> WHAT IS REQUIRED
Print, exactly as they appear in the listing below, the lines from the line with "Ricki Stripe Terry" to the line with "Mechanic repairing a", with both end lines kept.

- Opening Delimiter -

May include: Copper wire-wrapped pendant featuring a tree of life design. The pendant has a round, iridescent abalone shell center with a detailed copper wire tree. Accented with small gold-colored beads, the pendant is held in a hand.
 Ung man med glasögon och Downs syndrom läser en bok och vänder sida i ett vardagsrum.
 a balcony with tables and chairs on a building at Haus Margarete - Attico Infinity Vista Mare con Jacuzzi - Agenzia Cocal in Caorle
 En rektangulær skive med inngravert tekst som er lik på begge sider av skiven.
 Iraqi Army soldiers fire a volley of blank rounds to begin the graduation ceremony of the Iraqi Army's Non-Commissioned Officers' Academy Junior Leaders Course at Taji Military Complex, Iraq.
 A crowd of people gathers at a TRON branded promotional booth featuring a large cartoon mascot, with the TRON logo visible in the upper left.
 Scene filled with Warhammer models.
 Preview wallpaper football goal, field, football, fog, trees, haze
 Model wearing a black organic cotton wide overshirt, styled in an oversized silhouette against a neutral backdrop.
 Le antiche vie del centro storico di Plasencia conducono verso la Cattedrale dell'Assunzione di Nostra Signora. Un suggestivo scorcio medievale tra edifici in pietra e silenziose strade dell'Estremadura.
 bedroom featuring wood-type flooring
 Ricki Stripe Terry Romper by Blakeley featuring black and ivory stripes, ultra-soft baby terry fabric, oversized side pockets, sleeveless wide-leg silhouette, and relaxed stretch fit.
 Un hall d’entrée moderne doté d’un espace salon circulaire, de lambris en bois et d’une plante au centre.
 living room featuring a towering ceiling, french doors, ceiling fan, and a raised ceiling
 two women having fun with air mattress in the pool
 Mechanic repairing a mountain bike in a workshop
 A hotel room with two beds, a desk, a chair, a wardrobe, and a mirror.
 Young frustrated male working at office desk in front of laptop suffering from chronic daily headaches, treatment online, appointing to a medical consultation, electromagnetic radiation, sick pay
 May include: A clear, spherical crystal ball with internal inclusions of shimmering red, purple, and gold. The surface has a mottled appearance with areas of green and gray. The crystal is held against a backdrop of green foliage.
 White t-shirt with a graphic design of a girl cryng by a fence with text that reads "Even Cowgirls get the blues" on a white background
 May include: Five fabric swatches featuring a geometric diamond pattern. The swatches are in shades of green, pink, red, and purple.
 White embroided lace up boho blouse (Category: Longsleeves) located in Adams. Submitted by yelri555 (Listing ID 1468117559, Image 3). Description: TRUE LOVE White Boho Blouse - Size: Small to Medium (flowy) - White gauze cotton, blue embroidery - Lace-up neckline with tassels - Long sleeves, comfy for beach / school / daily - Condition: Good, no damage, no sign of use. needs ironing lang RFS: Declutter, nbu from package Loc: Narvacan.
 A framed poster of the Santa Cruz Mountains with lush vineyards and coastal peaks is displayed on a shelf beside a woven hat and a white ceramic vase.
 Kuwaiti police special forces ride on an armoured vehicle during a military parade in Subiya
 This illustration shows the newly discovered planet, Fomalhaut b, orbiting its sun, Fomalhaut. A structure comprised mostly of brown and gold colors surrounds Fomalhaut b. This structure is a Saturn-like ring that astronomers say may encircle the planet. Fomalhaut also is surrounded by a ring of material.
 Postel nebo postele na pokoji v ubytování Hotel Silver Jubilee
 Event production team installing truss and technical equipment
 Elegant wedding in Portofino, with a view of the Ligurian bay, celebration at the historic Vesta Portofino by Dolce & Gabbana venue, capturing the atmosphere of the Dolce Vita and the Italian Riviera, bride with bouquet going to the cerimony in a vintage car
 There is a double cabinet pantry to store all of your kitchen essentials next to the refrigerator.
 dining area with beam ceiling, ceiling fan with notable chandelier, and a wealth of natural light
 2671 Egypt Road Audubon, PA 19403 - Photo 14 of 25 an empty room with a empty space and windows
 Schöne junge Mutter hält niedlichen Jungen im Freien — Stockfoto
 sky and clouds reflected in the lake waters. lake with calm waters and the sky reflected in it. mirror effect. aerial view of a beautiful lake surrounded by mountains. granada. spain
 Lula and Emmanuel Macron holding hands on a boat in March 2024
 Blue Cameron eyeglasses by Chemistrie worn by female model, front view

- Closing Delimiter -

> COMPLETED EXERCISE
 Ricki Stripe Terry Romper by Blakeley featuring black and ivory stripes, ultra-soft baby terry fabric, oversized side pockets, sleeveless wide-leg silhouette, and relaxed stretch fit.
 Un hall d’entrée moderne doté d’un espace salon circulaire, de lambris en bois et d’une plante au centre.
 living room featuring a towering ceiling, french doors, ceiling fan, and a raised ceiling
 two women having fun with air mattress in the pool
 Mechanic repairing a mountain bike in a workshop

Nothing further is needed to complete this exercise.